• [Work item]
Each line in the material below, starting at the one with "Get yourself a" and ending at the one with "Let's talk about", is to be reproduced exactly; no picture is to be copied.

═══ Data for processing ═══

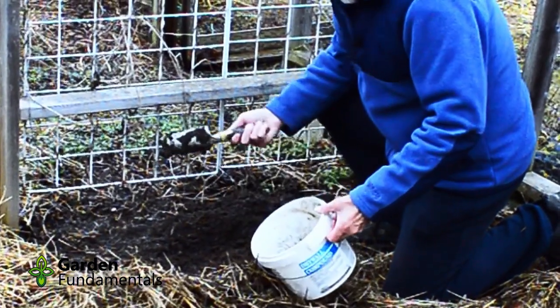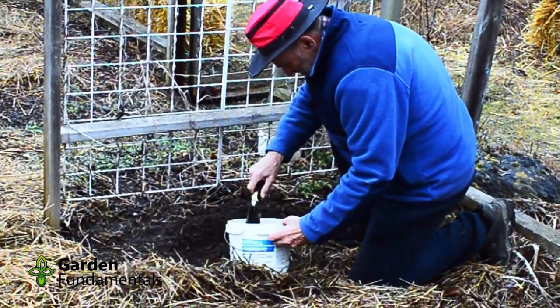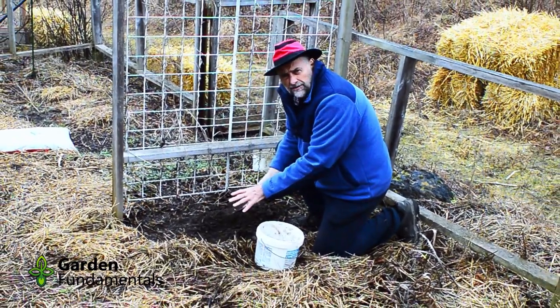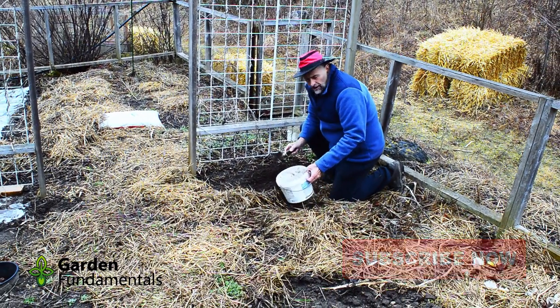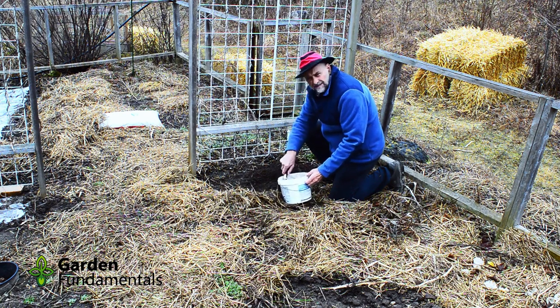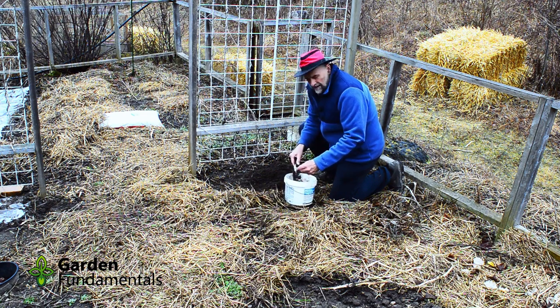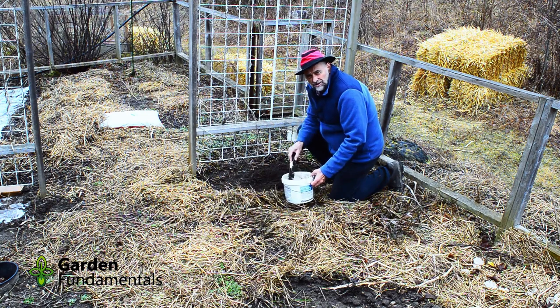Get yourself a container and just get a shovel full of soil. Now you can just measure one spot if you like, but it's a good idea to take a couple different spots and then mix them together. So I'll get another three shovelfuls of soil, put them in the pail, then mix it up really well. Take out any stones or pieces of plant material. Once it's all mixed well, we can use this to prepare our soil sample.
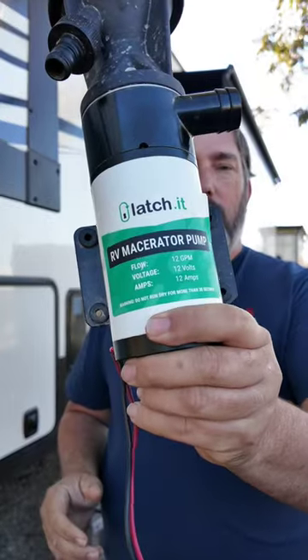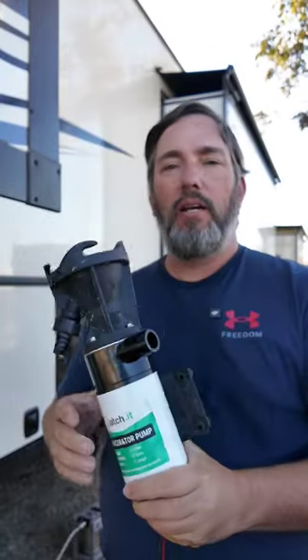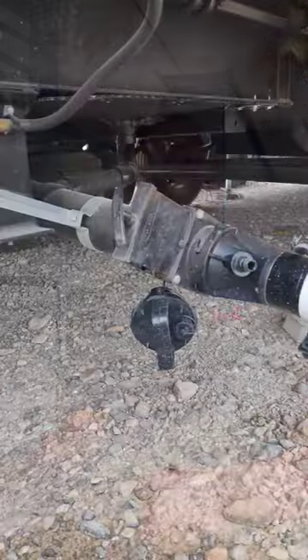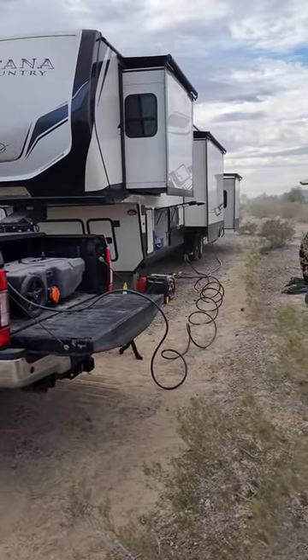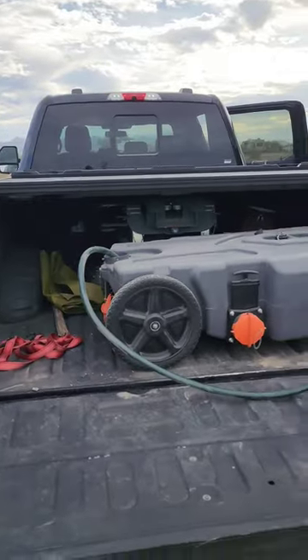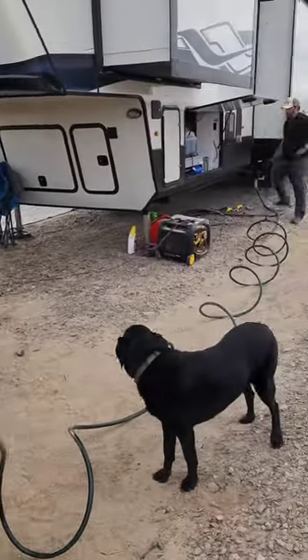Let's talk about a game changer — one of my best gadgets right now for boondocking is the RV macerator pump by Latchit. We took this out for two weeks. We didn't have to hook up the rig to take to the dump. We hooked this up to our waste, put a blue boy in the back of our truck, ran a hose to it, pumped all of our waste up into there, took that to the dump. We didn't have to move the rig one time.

═══
═══ Data for processing ═══

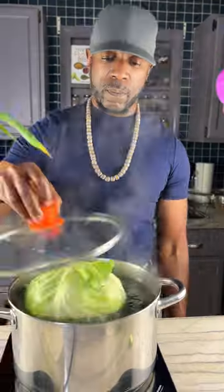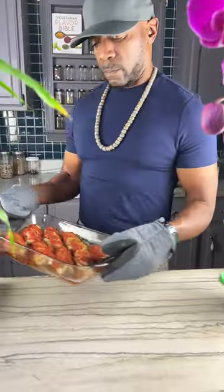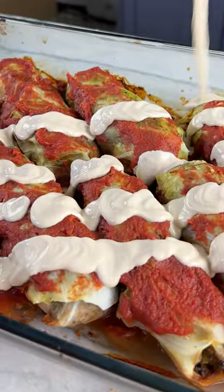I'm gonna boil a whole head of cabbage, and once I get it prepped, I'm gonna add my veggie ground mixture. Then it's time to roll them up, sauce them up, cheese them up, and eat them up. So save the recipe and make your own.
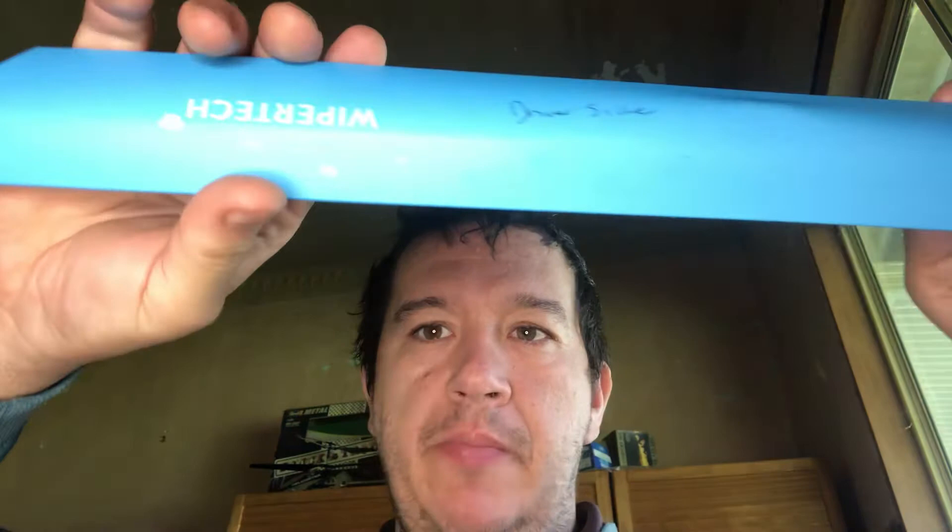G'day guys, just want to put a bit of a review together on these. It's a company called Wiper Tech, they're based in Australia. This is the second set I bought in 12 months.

═══

• [Exercise output]
Get yourself a container and just get a shovel full of soil. Now you can just measure one spot if you like, but it's a good idea to take a couple different spots and then mix them together. So I'll get another three shovelfuls of soil, put them in the pail, then mix it up really well. Take out any stones or pieces of plant material. Once it's all mixed well, we can use this to prepare our soil sample.
Let's talk about a game changer — one of my best gadgets right now for boondocking is the RV macerator pump by Latchit. We took this out for two weeks. We didn't have to hook up the rig to take to the dump. We hooked this up to our waste, put a blue boy in the back of our truck, ran a hose to it, pumped all of our waste up into there, took that to the dump. We didn't have to move the rig one time.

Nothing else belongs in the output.